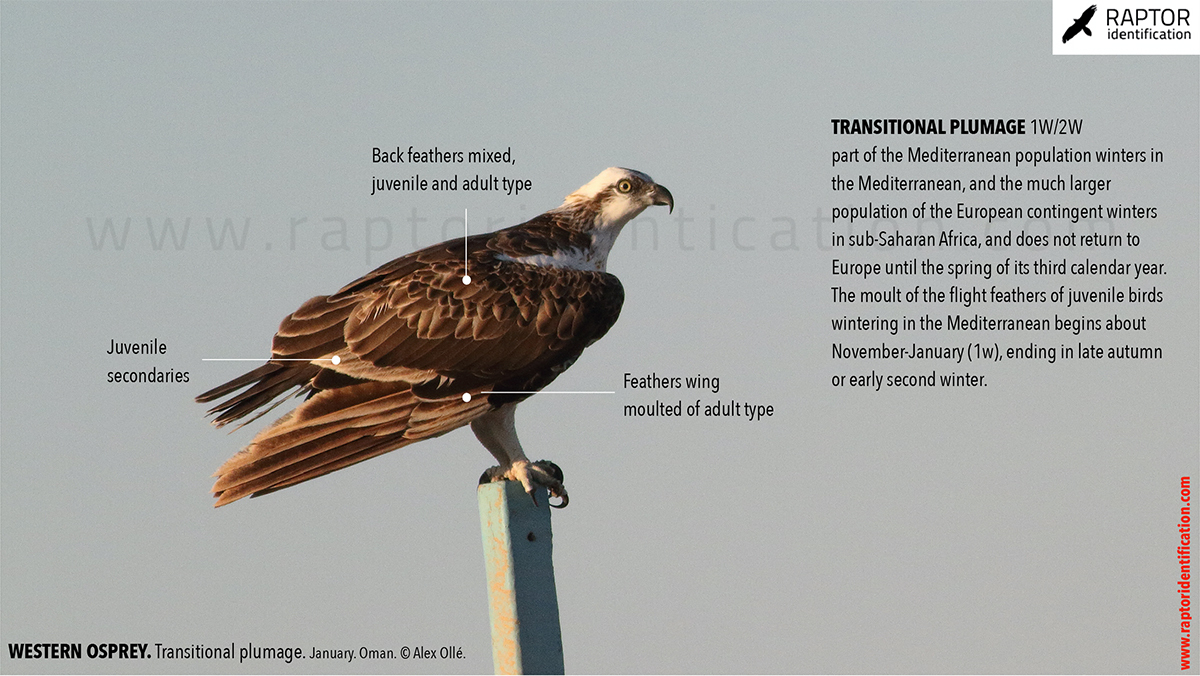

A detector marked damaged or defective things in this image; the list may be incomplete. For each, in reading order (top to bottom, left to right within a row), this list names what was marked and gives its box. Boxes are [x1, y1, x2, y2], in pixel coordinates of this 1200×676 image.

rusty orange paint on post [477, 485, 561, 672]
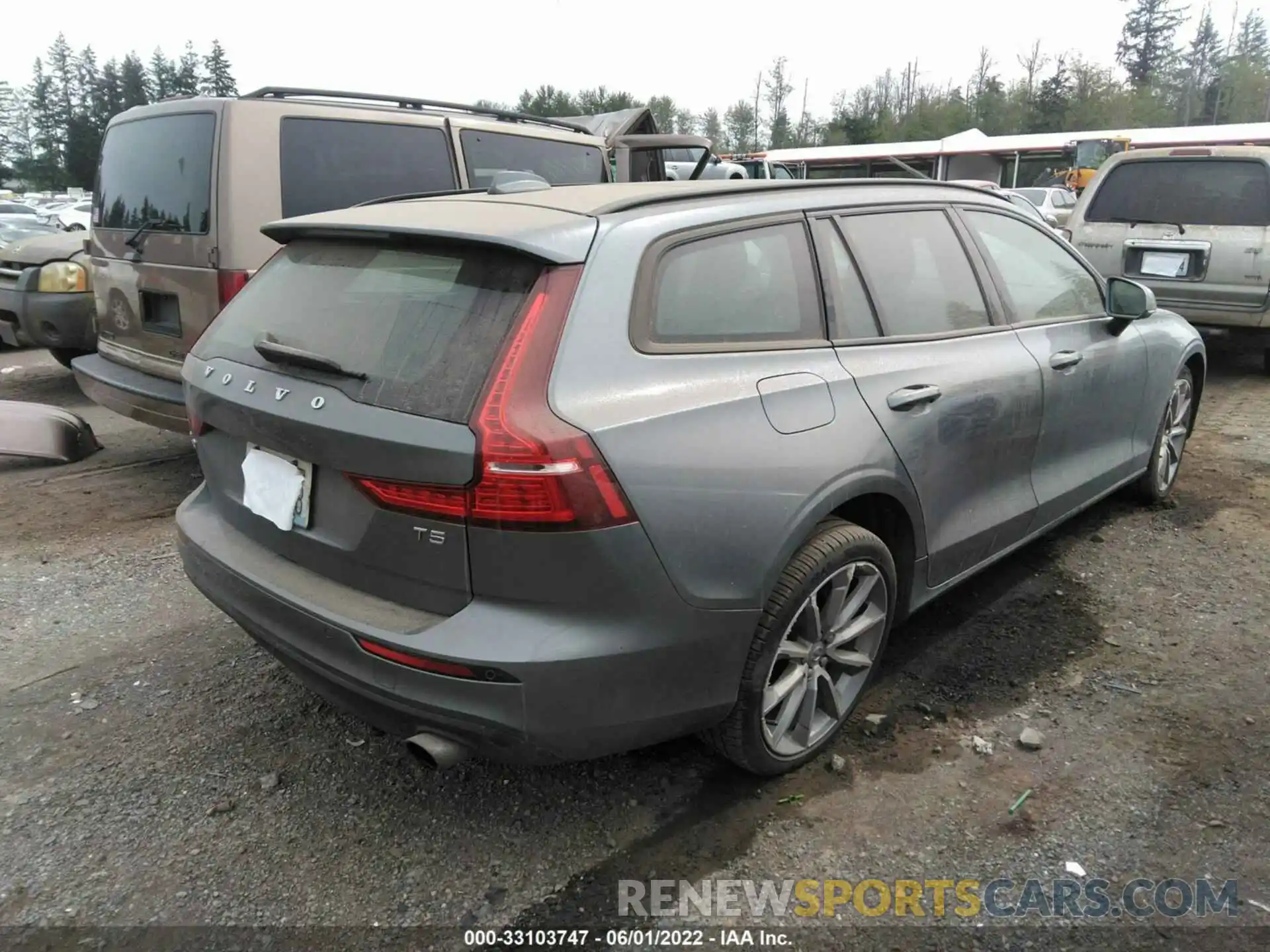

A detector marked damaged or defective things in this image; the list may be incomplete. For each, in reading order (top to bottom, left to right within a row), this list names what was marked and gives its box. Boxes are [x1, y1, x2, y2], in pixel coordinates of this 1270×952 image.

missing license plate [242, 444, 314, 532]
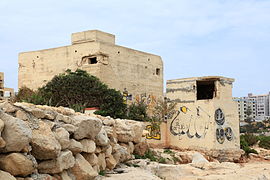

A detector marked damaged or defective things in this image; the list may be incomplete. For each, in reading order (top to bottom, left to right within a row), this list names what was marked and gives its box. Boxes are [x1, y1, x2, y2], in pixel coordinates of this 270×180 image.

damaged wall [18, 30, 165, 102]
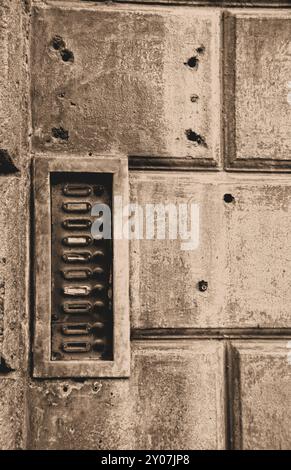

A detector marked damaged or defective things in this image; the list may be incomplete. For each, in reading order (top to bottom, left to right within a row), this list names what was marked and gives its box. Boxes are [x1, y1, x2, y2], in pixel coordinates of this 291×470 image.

→ **What is expected**
Drop the pictures, then write out only the lines running from the one containing "this 270×180 image." through the last line above, both included, exactly.

→ **Exercise response**
A detector marked damaged or defective things in this image; the list may be incomplete. For each, in reading order (top to bottom, left to right within a row), this list names what was marked and gives its box. Boxes are [x1, y1, x2, y2], in pixel coordinates of this 270×180 image.

damaged wall [18, 30, 165, 102]

A detector marked damaged or defective things in this image; the list may be incomplete. For each, in reading order (top to bottom, left to right within a row), this list names what was marked and gives its box. Boxes are [x1, y1, x2, y2], in pixel coordinates of this 291×470 image.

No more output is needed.